» **What to work on**: Look through the material below and copy every line containing the word "image".

Provided records START

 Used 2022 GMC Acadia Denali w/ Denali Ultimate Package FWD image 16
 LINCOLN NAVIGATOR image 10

Provided records END
Provided records START

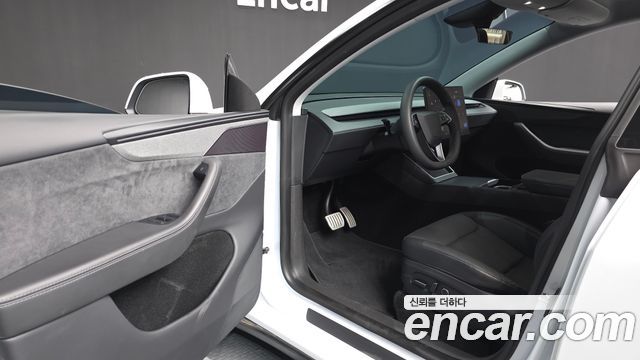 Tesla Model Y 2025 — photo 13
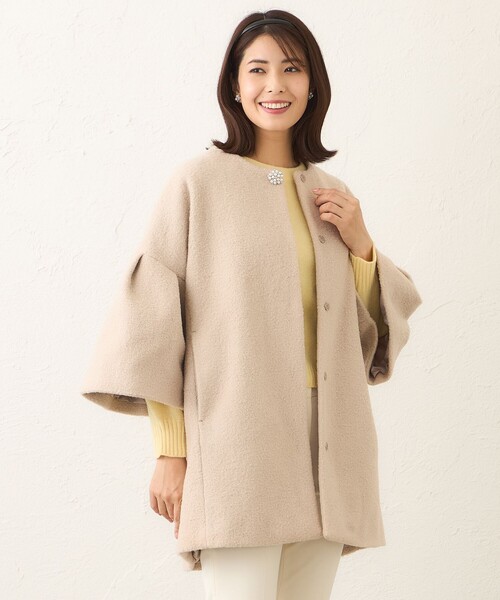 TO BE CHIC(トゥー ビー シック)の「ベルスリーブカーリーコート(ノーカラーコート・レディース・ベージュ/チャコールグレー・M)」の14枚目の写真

Provided records END

» **Written response**:
 Used 2022 GMC Acadia Denali w/ Denali Ultimate Package FWD image 16
 LINCOLN NAVIGATOR image 10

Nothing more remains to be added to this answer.